Recorder

Our recording framework consists of a variety of high-precision motion track and visual streaming systems, which are bundled with a suite of ancillary devices, tools and customized scripts. The framework supports high-quality synchronized streaming, saving and visualization of human throw&catch activities from multiple sensors with varying sampling rates and data formats.

If you intend to record human demonstrations similar to ours, we provide step-by-step instructions and scripts in the dataset’s GitHub repository.

Device Details

Our recording framework utilizes multiple motion track and visual streaming systems, with their specifications briefly outlined below. We encourage users to consult our technical paper for a quick overview of their deployment and refer to the official product pages for detailed technical specifications.

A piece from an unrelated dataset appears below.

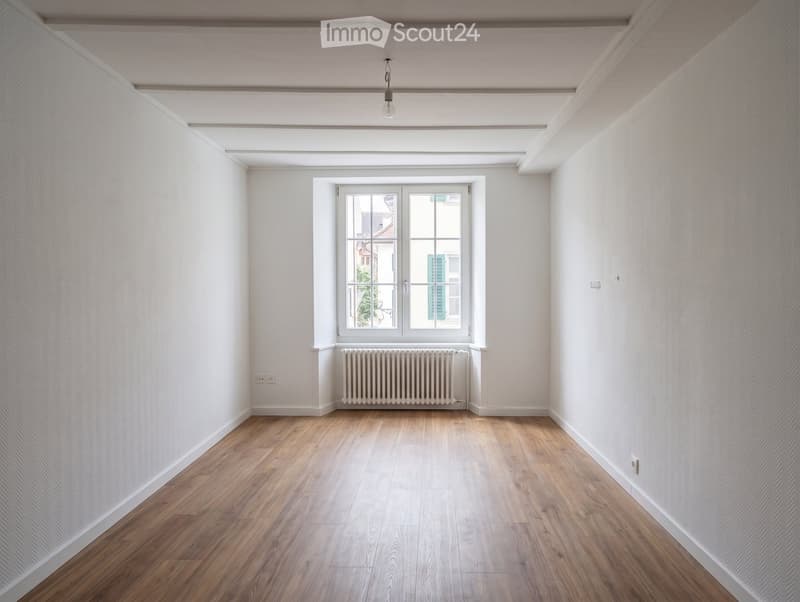 Empty room with wooden flooring, white walls, a window with double doors, and a radiator below the window.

Device Manufacturer Recording Content FPS Resolution
① Gloves StretchSense MoCap Pro Primary’s Hand Pose 120 -
②⑤ Tracker OptiTrack 6D Head Pose 240 -
③ Event Camera Prophesee Event - 1280x720
④ ZED Camera Stereolabs RGB-D 60 1280x720


We implement the Precision Time Protocol (PTP) to synchronize their clocks with a precision of sub-milliseconds (approximately 0.3 ms). The maximum offset across data streams is ≤ 1 frame at 60 FPS, as assessed during manual annotation. We encourage users to consult the provided technical document in the GitHub repository, which offers a detailed explanation of how we process and synchronize each data modality.